CBC News reports that Spence was re-elected on Tuesday in a vote that would be confirmed later today. But the election was held despite concerns from the Congress of Aboriginal Peoples.

CAP had appealed for the vote to be delayed over concerns that the 43 per cent of the population that living outside the northern Ontario reserve had not been given adequate opportunity to vote.

While the reserve contended votes must be cast in person, 1,489 members — nearly half of the registered population of 3,472 — live off-reserve.

[ Related: Theresa Spence re-elected chief in Attawapiskat ]

"It’s not fair or reasonable that in the 21st century options like mail-in-ballots are not in place," National Chief Betty Ann Lavallee said in a statement, opposing the way the election was handled.

"I have always believed that the right to vote is a fundamental human right that cannot be denied to members of a community, who for some reason or another are living away from their reserve.  This is unfair – it is wrong and it is against the law.”

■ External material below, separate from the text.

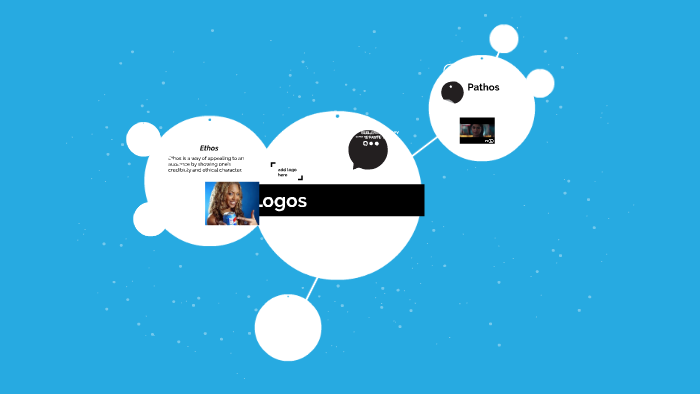 Logos by on Prezi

In 1999, the Supreme Court of Canada ruled that First Nation communities must extend voting rights to members living outside of the reserve. Lavallee contended that, considering the remote location of the Attawapiskat community and the large number of members living elsewhere, it simply was unfair not to offer an alternative to in-person voting.

Spence garnered national headlines during her six-week hunger strike last winter that added pressure to the Idle No More movement calling for government to take aboriginal issues more seriously.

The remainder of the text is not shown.